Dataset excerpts

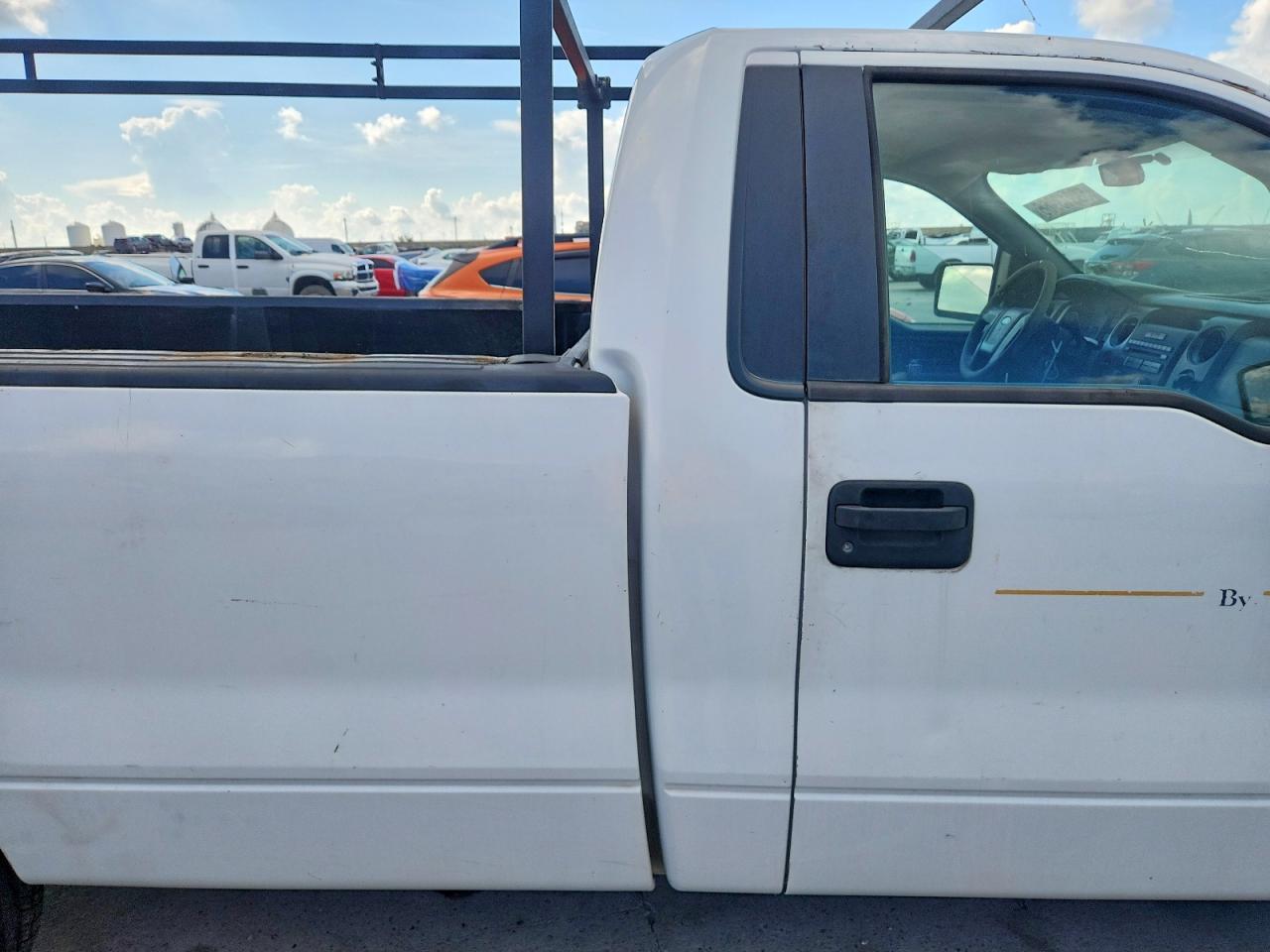2009 Ford F150 Белый vin: 1FTRF12W19KB51119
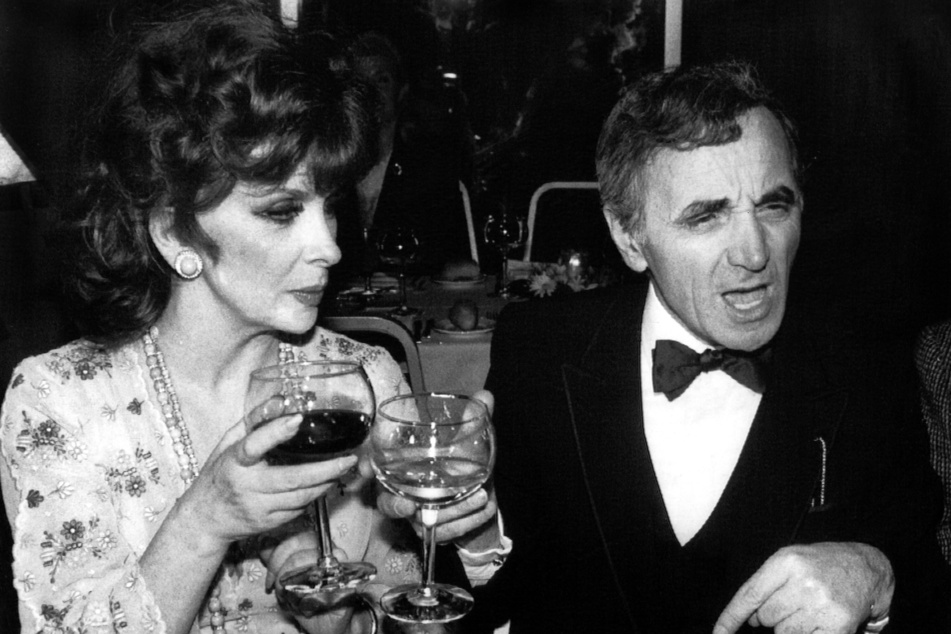 Der französische Sänger Charles Aznavour und die italienische Schauspielerin Gina Lollobrigida im März 1983 bei einer Party nach der Premiere von Aznavours zweistündigem neuen Programm im Lunt-Fontanne Theater.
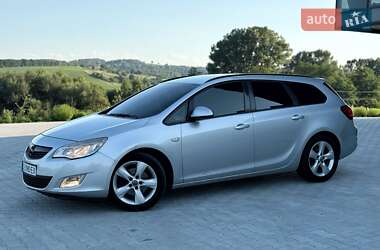 Универсал Opel Astra 2012 в 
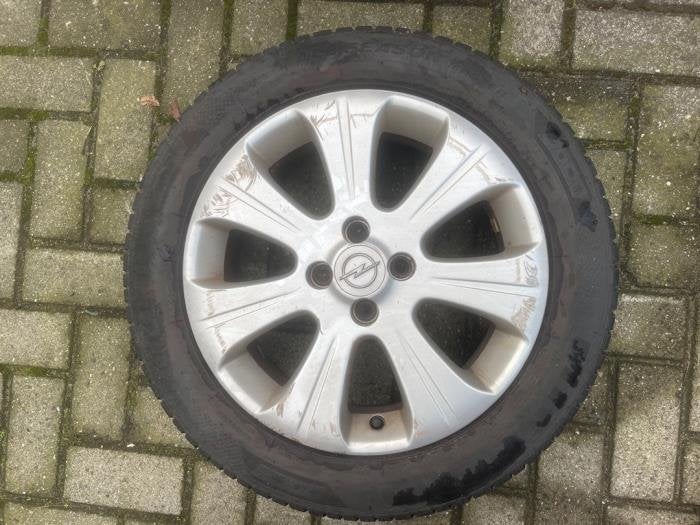Sportvelgenset + banden van een Opel Corsa, Gebruikt, -, Verzenden, -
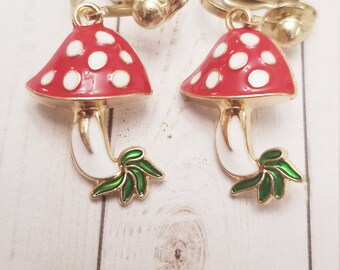 Mushroom clip on's,Mushroom earrings,clip on earrings,toadstool earrings,non pierced earrings,women's clip on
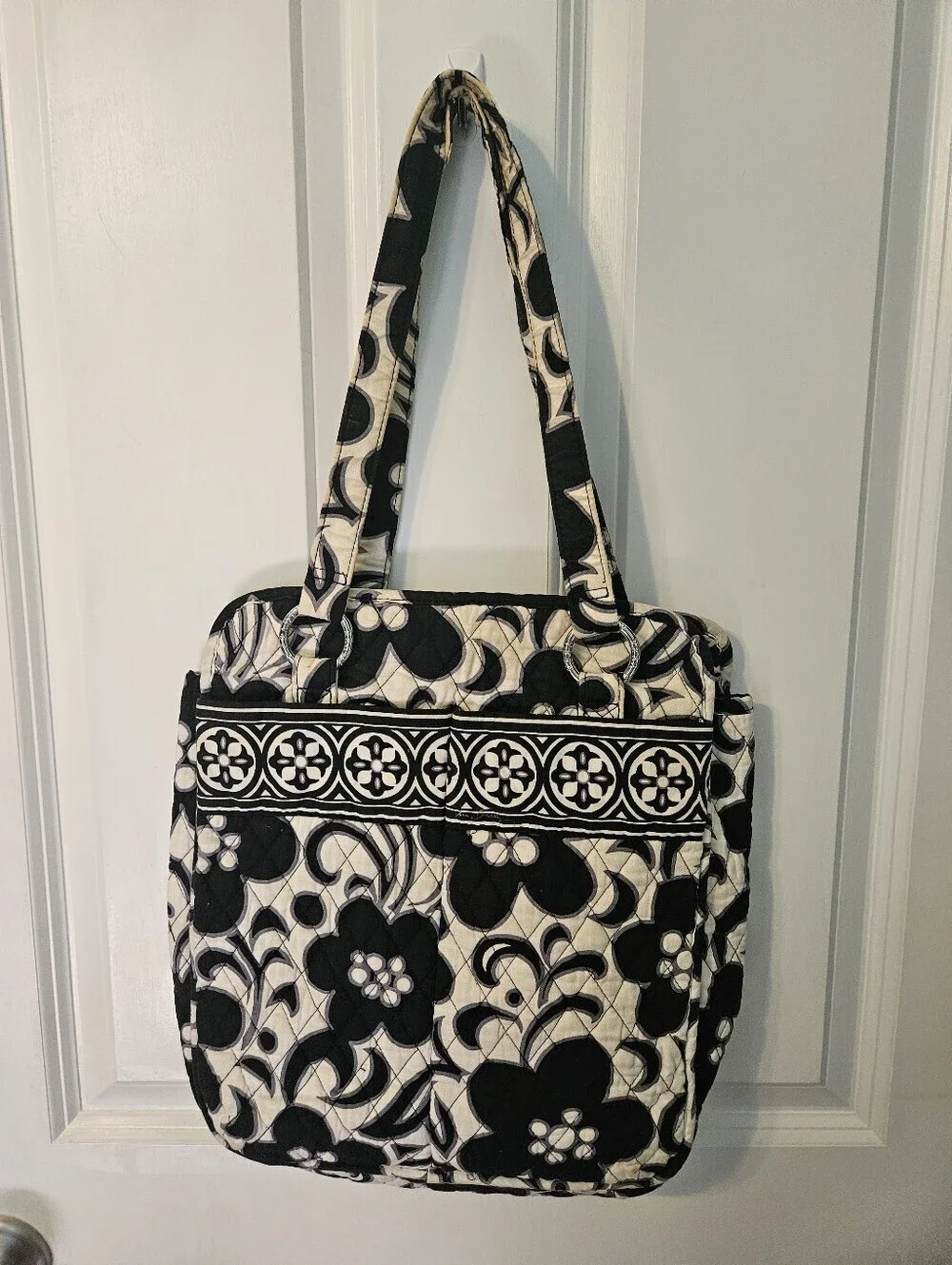 Vera Bradley stylish black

Problem description ->
No pictures belong in the copy: reproduce exactly the lines above from the one that contains "Sportvelgenset + banden" through the last line of the entries.

Solution to the exercise ->
Sportvelgenset + banden van een Opel Corsa, Gebruikt, -, Verzenden, -
 Mushroom clip on's,Mushroom earrings,clip on earrings,toadstool earrings,non pierced earrings,women's clip on
 Vera Bradley stylish black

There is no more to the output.